“Soy el capitán de mi alma”
“Soy el capitán de mi alma”
Carlos D. Mesa Gisbert.- La tarea más difícil de un ser humano es la capacidad de restituir el espíritu después de la violencia, el dolor y el odio. La pasión por una causa es un motor extraordinario, pero puede ser también el alimento incesante para justificar cualquier cosa.
Cuando se ha negado todo rasgo de justicia, de humanidad y de reconocimiento al otro como un igual; cuando un número es la identidad y un cubículo miserable el “hogar” por un día, diez, trescientos sesenta y cinco, y diez mil días; cuando la tortura ha lacerado la carne, y la vejación y la humillación han querido doblegar el espíritu; parece imposible perdonar, parece haberse abierto la terrible puerta de la venganza.
El que ha sido sometido tiene todas las razones en la mano para atacar y destruir, para expulsar y dividir, para afirmar sin temblar que ha llegado el tiempo de un “Nosotros” específico, aquel de la larga y brutal exclusión. Puede decir que es imperativo cobrar las cuentas de toda la sangre derramada –¡Recuerden Soweto!–, que la nación deber ser ocupada y gobernada sólo y exclusivamente por quienes fueron tratados peor que animales dentro de su propio suelo. ¿Hacen falta muchas explicaciones para tomar revancha?
Pero la política no es sólo una forma implacable de tomar e imponer el poder, o el de la negociación pragmática, o el de los resultados a cualquier precio. Es también y sobre todo el desafío de conjugar valores e intereses, es encontrar la mejor ruta para llegar a destino, es diferenciar aquello que se obtiene de manera inmediata de aquello que permite construir los cimientos para el tiempo largo.
Nelson Mandela recogió su semilla de los escombros de una vida que había sido condenada al desastre. Forjó el acero indestructible de una convicción, la de entender que lo único posible era demostrar que su país es la casa común de todos. No un “todos” mutilado, no un “todos” que abarcara a ciudadanos de primera y de segunda, no un “todos” en el que los espacios estuvieran compartimentados por el color de la piel. Todos, víctimas y victimarios, racistas y discriminados, ricos y pobres. Todos de verdad.
Su propia espalda, tantas veces golpeada, fue el recordatorio de qué era lo que estaba en juego. Por eso transmitió la lección, la de desterrar el odio por muy improbable que parezca conseguirlo, la de enseñar que la humanidad sólo sobrevivirá si asume que debe compartir, convivir, aceptar y respetar.
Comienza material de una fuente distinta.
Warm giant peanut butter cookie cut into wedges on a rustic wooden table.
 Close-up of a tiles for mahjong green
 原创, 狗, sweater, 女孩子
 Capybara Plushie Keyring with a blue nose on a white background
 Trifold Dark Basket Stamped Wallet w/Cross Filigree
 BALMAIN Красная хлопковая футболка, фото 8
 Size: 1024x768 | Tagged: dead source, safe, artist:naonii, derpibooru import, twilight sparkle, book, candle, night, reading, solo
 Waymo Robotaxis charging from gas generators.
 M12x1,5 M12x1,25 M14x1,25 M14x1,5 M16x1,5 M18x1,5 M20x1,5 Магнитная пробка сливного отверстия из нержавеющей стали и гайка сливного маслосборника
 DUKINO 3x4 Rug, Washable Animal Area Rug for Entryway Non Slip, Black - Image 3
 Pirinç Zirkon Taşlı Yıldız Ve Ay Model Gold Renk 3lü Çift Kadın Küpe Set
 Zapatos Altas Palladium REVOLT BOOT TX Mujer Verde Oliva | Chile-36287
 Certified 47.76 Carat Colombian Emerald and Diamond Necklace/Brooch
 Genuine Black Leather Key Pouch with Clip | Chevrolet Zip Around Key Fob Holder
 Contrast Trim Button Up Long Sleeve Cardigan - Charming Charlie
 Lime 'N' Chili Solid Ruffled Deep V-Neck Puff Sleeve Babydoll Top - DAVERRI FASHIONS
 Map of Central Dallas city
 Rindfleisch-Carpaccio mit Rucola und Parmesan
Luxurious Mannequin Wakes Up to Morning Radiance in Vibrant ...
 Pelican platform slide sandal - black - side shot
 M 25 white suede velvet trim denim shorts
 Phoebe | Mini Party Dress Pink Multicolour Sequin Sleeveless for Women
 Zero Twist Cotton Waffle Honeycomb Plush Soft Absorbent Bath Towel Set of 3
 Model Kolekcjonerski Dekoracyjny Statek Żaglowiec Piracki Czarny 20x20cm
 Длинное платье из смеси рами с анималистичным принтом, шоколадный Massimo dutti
La historia cruzó su vida con la de Frederik de Klerk, el último presidente blanco de Sudáfrica. Si de Klerk había entendido el momento, y lo había liberado y había aceptado la transición irreversible hacia una nueva nación contra el sentir de la minoría caucásica, él podía demostrar que era posible hacer exactamente lo contrario de lo que todos los blancos creían que haría y lo que una gran mayoría de sus propios partidarios exigía.
El camino de la reconciliación es siempre más lento y más difícil que el de la guerra y el de la violencia, pero es el camino correcto. Esa es la diferencia que hace de Nelson Mandela un gigante, el haber demostrado la valentía mayor, la de enfrentar a sus compañeros e imponer una filosofía que trascendió largamente los límites de su patria para convertirlo en un personaje de dimensión mundial.
Los sucesores de Mandela no han estado a la altura, ni por su comportamiento ético, ni por sus aptitudes de gobierno, menos aún lo está su familia más próxima. Sudáfrica no ha superado aún problemas serios de pobreza, desigualdad y exclusión, pero se desarrolla sobre una evidencia clara, cualquier cosa que haga deberá basarse en valores democráticos, en la constancia de hacerlo en un espacio plural y bajo la sombra protectora del árbol de la paz.
Mandela, padre de la nueva Sudáfrica, respondió cuando le propusieron sustituir la bandera del viejo país del apartheid por la del Partido del Congreso Nacional Africano, que había que crear una nueva bandera que integrara los colores de la enseña impuesta por los afrikáners y la de su propio partido. Así se hizo. El pasado –pensó– no se puede borrar de un plumazo y las heridas no desaparecen porque se bañen en sangre, ni porque se presuma que han sido arrancadas del cuerpo. Las heridas cicatrizan lentamente, reconocidas y curadas con muchos cuidados.
La victoria de Mandela es la victoria de la política con mayúsculas, es la victoria del humanismo profundo en sus valores, es la victoria de los verdaderos ideales humanos porque nos abarca a todos.
“Ser libre no es solamente romper tus propias cadenas, es vivir para garantizar y mejorar la libertad de los demás”, dijo alguna vez.
Como reza el poema de Henley, el Presidente Mandela fue siempre el amo de su destino y el capitán de su alma.